Le forze di Charles bastarono appena a terminare queste ultime parole e, nel pronunciarle, richiuse gli occhi e giacque completamente sfinito. Sua madre, benché, come s'è detto, in qualche modo propensa a dar credito alle visioni soprannaturali, tuttavia non era convinta che lui, pur svegliatosi dall'incoscienza che avrebbe potuto rappresentare la crisi decisiva della sua malattia, non fosse ancora sotto l'effetto del delirio. Comunque il riposo era indispensabile, e la donna fece subito quanto necessario perché il figlio ne potesse godere indisturbato. Dopo alcune ore di sonno si svegliò ristorato, e da quel momento in avanti migliorò in modo graduale ma costante.
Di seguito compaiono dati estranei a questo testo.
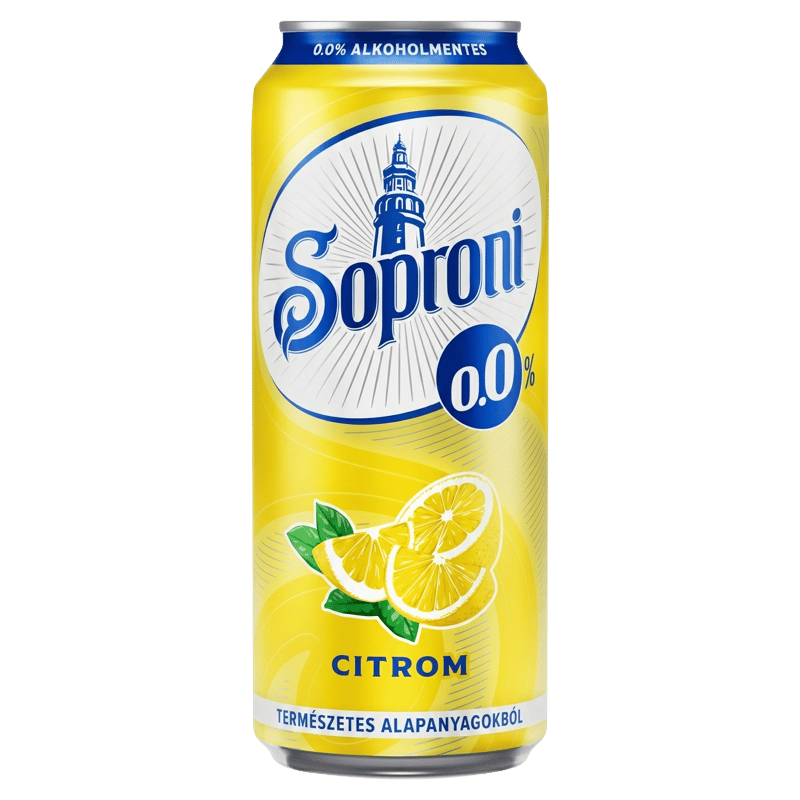 Soproni Citrom 0.0% alkoholmentes sörital 0,0% 0,5l doboz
Egli continuava però a raccontare la sua visione nello stesso modo in cui l'aveva riferita all'inizio, e la sua convinzione che fosse reale ebbe un'ovvia e decisiva influenza sulle sue abitudini e la sua condotta. Non abbandonò del tutto la compagnia dei suoi vecchi amici, perché il suo carattere non si era inaridito con il rinsavimento; ma non si uni mai ai loro eccessi e spesso tentò di redimerli. Quale sia stato l'esito dei suoi encomiabili sforzi non mi è stato dato conoscere, ma di lui sappiamo che fu religioso senza ostentazione e moderato senza essere austero, e che fu la prova evidente di come il vizio può essere mutato in virtù senza perdere il rispetto della gente, la popolarità e l'allegria.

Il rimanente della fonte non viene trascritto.